Kinky Spiele auf alten Pfaden: Warum BDSM feministischer sein kann als Blümchensex
Haben wir das Patriarchat nicht eigentlich abgeschafft? Zumindest in unseren Köpfen? Warum erfreuen sich dann Dominanz und Unterwerfung – oft entlang ganz klassischer Rollenbilder – im Schlafzimmer so großer Beliebtheit? Ein Blick auf einen spannenden Diskurs aus der taz.
Wer sich als aufgeklärt, feministisch oder progressiv bezeichnet, stolpert früher oder später oft über ein scheinbares Paradoxon im eigenen Begehren: Wie passt der politische Kampf für Gleichberechtigung eigentlich dazu, dass man sich im Bett fesseln, erniedrigen oder dominieren lassen möchte?
Ein Artikel in der taz-Kolumne „Kuscheln in Ketten“ (Autor: Peter Weissenburger) hat sich diesem Spannungsfeld unter dem Titel „BDSM und Geschlechterrollen“ gewidmet. Wir haben die Kerngedanken für euch zusammengefasst.

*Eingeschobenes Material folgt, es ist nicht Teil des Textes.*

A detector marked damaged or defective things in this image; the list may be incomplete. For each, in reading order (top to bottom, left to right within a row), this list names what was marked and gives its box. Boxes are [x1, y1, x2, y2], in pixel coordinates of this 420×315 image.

Das Paradoxon des Begehrens
Der Artikel greift ein Unbehagen auf, das viele kennen: Im Alltag kämpfen wir gegen toxische Männlichkeit und für das Aufbrechen starrer Gender-Klischees. Doch sobald die Tür zum Schlafzimmer zugeht, werden oft genau diese „alten Pfade“ wieder beschritten. Der Mann dominiert, die Frau unterwirft sich – oder umgekehrt, aber stets in Hierarchien.

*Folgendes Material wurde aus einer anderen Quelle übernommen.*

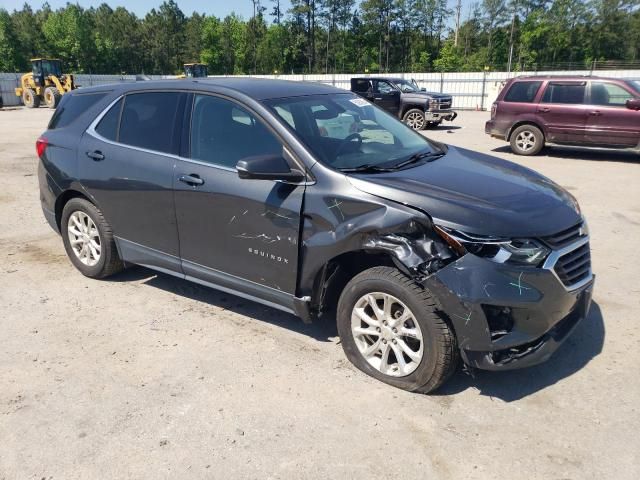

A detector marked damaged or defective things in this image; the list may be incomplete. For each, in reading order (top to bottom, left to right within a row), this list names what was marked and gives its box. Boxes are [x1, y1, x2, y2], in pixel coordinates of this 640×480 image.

broken headlight [436, 228, 552, 268]
crumpled bumper [420, 255, 596, 372] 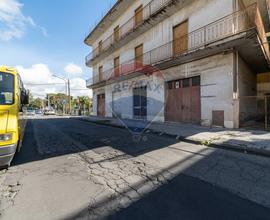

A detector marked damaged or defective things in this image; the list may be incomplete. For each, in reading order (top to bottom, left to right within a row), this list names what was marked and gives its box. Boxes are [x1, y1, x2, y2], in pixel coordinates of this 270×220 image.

cracked asphalt [0, 116, 270, 219]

Ist das Verrat an der eigenen politischen Haltung?
Die These: Bewusstes Spiel vs. unbewusster Alltag
Der Text argumentiert, dass BDSM diese Rollen nicht einfach unreflektiert reproduziert, sondern sie inszeniert. Der entscheidende Unterschied zum „normalen“ (heteronormativen) Alltag liegt in zwei Punkten:
- Konsens: In BDSM-Kontexten werden Machtgefälle explizit verhandelt. Es gibt Absprachen, Safewords und ein klares „Ja“ zum Machtverlust.
- Der Rahmen: Die Unterwerfung ist eine bewusste Entscheidung für einen begrenzten Zeitraum – ein Spiel mit dem Feuer, das nur Spaß macht, weil man weiß, dass es nicht die Realität ist.

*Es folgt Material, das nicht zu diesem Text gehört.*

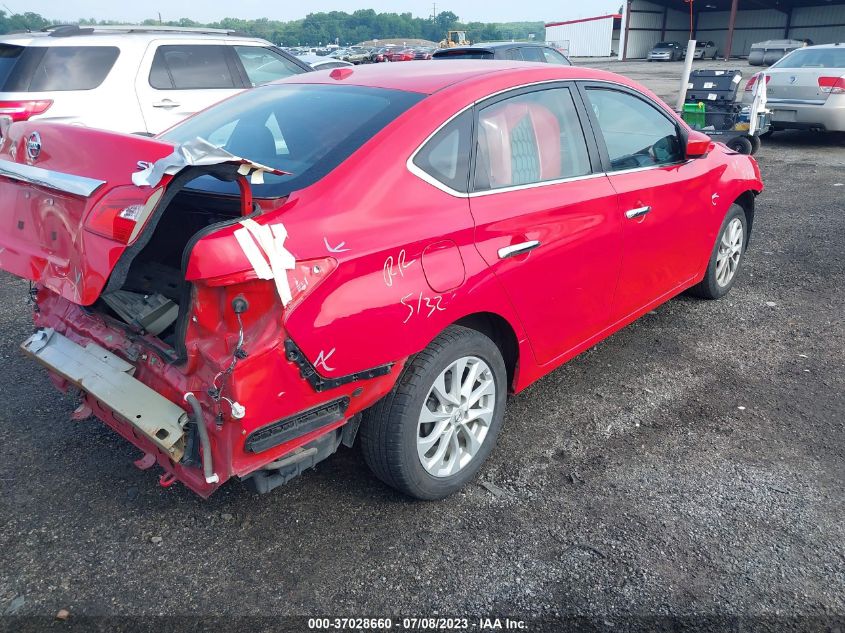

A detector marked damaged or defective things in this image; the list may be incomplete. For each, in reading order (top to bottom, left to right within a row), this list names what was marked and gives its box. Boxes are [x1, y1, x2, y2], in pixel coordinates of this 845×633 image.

broken taillight housing [0, 99, 52, 121]
broken taillight housing [744, 74, 772, 92]
broken taillight housing [816, 76, 844, 95]
broken taillight housing [84, 185, 165, 244]
rear wheel well damage [732, 190, 760, 244]
rear wheel well damage [452, 312, 516, 390]
missing rear bumper [21, 328, 188, 456] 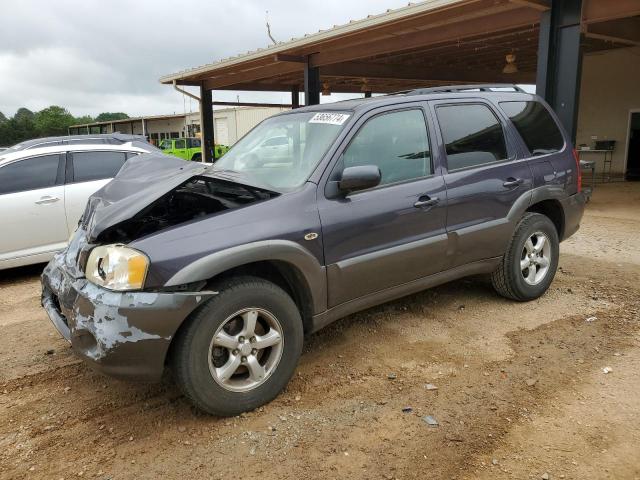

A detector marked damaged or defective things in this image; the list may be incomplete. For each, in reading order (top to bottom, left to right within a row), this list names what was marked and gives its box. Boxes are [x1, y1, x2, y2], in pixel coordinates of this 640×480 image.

broken headlight [85, 246, 149, 290]
crumpled front bumper [40, 249, 215, 380]
hood damage [81, 154, 278, 244]
damaged gray suv [40, 86, 584, 416]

Warum „Vanilla“ oft gefährlicher ist
Eine provokante, aber einleuchtende These des Beitrags ist der Vergleich zum sogenannten „Blümchensex“ (Vanilla). In vielen konventionellen Beziehungen bleiben Machtdynamiken oft unausgesprochen. Wer bestimmt, wann was passiert? Wer leistet die emotionale Arbeit?
Während im BDSM die Machtfrage offen auf dem Tisch liegt (und damit paradoxerweise kontrollierbar wird), schleichen sich in „normale“ Beziehungen oft Ungleichheiten ein, die eben nicht konsensual verhandelt wurden, sondern einfach als „gegeben“ hingenommen werden.
Fazit: Emanzipation durch Inszenierung
Der Artikel kommt zu dem Schluss, dass die spielerische Übernahme von klischeehaften Geschlechterrollen im BDSM sogar eine befreiende Wirkung haben kann. Es erlaubt uns, den Druck der ständigen Selbstoptimierung und politischen Korrektheit kurzzeitig abzugeben – in einem sicheren Rahmen.
Unsere Meinung: Wer politisch korrekt liebt, hat nicht automatisch den besseren Sex. Vielleicht ist es sogar ehrlicher, die eigenen Abgründe und Machtfantasien bewusst auszuleben, als so zu tun, als gäbe es sie nicht.